March 11, 2021 By    

Natural gas companies have been doing it for years, but, this year, there was a new twist. When you mix propane and air at the right percentages, it looks like natural gas at the burner tip. It is called synthetic natural gas and is fairly common in the northern region, such as in Minnesota.

Pipelines will inject this propane/air gas in order to peak shave the use of natural gas. This happens when there is a heavy draw on the limited supply of gas. Companies are called on to curtail their use. Supply interruptions and extreme temperatures add to the dilemma. Gas providers located up north give a special lower-cost gas rate to those companies that have their own backup synthetic natural gas system, which gives them the extra flexibility.

As you can expect when temperatures are subzero for extended periods of time, there are a lot of curtailments to preserve the supply. Such was the case mid-February for a large portion of the United States.

A large glass manufacturer in Oklahoma was being told to limit its natural gas use due to extremely low temperatures that reached as far as Mexico. It needed to find a backup quickly to supply the 60 million British thermal units (mmBtu) powering its operations.

“We received the call Monday night, and, by the next day, a crew was headed 800 miles south,” says Boyden Kneen, general manager of Utility Energy Systems (UES) of Elk River, Minnesota. “You do not shut down or start up a glass plant easily. It runs continuously.”

UES, which provides systems that serve 7 mmBtu up to 400 mmBtu, had previously helped the company during a different emergency at its Minnesota plant.
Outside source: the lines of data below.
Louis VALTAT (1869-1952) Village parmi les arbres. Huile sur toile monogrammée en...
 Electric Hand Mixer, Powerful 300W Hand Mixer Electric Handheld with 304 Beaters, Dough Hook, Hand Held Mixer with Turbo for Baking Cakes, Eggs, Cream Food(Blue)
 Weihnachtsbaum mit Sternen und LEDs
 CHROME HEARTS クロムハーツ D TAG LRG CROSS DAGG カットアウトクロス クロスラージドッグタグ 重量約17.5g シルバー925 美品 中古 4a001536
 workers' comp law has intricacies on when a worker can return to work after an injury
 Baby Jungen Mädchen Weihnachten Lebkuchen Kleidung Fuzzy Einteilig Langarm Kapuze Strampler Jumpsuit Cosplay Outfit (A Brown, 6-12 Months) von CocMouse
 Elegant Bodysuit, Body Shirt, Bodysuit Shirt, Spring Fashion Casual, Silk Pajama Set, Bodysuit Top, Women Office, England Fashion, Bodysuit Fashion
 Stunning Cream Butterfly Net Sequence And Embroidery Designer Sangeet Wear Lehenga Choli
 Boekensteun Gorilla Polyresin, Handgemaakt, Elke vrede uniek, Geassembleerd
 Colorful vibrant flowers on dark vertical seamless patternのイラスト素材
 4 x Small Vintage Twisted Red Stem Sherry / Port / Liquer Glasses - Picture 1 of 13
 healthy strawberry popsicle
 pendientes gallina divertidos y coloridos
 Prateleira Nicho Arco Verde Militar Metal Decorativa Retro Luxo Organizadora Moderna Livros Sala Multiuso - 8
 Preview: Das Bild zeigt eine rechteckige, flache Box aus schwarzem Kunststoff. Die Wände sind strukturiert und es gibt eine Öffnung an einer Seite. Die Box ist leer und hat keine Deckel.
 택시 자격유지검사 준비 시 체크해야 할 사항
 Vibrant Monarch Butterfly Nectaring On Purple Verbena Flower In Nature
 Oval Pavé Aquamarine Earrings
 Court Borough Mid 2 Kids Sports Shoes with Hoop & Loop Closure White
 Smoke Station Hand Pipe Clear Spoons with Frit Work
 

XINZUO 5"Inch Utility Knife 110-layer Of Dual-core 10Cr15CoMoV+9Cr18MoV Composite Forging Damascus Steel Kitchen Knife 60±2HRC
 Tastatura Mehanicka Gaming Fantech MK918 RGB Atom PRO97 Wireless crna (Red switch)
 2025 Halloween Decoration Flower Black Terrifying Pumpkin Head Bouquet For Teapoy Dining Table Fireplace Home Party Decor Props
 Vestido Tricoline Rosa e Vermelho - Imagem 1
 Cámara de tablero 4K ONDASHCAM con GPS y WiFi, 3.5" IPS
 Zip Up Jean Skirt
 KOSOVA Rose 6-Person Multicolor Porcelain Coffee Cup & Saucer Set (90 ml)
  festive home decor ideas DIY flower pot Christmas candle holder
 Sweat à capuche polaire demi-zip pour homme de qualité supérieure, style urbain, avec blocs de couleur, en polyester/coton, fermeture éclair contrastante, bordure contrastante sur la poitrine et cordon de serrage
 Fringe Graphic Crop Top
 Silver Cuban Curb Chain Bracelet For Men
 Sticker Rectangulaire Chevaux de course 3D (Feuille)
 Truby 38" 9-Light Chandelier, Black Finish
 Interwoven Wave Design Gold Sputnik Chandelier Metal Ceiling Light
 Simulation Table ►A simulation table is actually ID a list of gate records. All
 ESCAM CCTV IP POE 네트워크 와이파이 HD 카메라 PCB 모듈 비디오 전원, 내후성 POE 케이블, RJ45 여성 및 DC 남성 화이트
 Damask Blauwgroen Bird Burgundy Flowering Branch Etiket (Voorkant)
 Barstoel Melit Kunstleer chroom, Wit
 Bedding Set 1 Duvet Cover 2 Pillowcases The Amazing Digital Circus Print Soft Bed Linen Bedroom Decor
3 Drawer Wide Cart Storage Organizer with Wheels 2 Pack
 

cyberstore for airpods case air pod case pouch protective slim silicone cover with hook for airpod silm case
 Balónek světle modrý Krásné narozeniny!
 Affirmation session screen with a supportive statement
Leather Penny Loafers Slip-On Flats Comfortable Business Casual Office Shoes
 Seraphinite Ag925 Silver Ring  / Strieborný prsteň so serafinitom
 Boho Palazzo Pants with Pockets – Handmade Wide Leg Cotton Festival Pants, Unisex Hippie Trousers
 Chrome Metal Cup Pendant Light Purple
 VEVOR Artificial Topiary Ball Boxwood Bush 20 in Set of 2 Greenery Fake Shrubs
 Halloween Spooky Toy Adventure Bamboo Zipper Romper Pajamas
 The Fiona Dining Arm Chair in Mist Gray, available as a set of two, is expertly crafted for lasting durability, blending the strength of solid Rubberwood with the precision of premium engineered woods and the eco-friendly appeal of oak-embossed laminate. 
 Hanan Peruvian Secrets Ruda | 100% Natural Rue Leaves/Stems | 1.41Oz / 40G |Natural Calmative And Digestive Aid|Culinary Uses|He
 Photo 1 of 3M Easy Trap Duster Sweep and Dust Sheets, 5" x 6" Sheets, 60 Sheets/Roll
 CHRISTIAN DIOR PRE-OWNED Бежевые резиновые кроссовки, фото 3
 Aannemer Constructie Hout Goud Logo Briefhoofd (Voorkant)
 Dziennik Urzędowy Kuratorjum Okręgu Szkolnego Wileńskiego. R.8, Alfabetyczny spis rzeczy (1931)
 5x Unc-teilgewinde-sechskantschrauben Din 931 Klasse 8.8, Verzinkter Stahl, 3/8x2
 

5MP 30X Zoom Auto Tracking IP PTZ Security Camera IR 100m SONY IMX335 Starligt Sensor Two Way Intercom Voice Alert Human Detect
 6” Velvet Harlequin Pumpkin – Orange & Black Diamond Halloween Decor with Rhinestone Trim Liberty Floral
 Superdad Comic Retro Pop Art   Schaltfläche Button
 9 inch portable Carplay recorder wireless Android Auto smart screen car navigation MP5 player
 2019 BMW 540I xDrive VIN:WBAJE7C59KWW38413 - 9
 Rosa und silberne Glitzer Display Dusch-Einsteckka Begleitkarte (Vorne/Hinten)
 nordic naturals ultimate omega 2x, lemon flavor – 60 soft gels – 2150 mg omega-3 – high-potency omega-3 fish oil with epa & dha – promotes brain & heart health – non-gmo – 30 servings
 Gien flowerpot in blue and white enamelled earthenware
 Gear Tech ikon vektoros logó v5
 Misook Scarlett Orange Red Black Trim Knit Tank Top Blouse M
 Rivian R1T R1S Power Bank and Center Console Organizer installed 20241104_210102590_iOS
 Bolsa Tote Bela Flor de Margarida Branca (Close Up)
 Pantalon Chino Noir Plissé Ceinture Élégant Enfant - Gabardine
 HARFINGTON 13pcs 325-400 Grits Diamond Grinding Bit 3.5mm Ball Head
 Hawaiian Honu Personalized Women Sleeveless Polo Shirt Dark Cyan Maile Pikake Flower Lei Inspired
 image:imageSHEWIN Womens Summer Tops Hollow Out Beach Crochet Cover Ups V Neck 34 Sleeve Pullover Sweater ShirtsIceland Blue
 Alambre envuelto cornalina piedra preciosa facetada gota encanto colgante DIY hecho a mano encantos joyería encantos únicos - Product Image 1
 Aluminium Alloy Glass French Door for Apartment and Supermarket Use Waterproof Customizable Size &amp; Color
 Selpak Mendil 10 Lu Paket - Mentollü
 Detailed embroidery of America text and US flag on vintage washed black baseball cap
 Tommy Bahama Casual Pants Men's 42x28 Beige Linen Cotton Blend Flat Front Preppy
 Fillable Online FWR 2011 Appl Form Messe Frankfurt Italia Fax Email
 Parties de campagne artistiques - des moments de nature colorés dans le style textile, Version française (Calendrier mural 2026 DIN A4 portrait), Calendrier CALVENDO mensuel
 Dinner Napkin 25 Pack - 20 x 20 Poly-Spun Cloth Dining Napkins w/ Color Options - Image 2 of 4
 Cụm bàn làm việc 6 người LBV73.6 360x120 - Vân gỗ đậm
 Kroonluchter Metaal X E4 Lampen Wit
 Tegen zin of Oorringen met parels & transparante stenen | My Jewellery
“This isn’t the first time we have responded to emergencies such as this,” Kneen says. “A few years ago, we shipped a vaporizer down to a Tennessee nuclear waste facility over the Christmas weekend.”

Most companies today use a synthetic natural gas backup system to lower their overall gas expense by going to a cheaper-rate tariff schedule. But in the two cases mentioned above, a backup was needed for a different reason. If the supply to the facility is interrupted by a construction accident or by a local gas distributor due to widespread temperature extremes, backups are critical.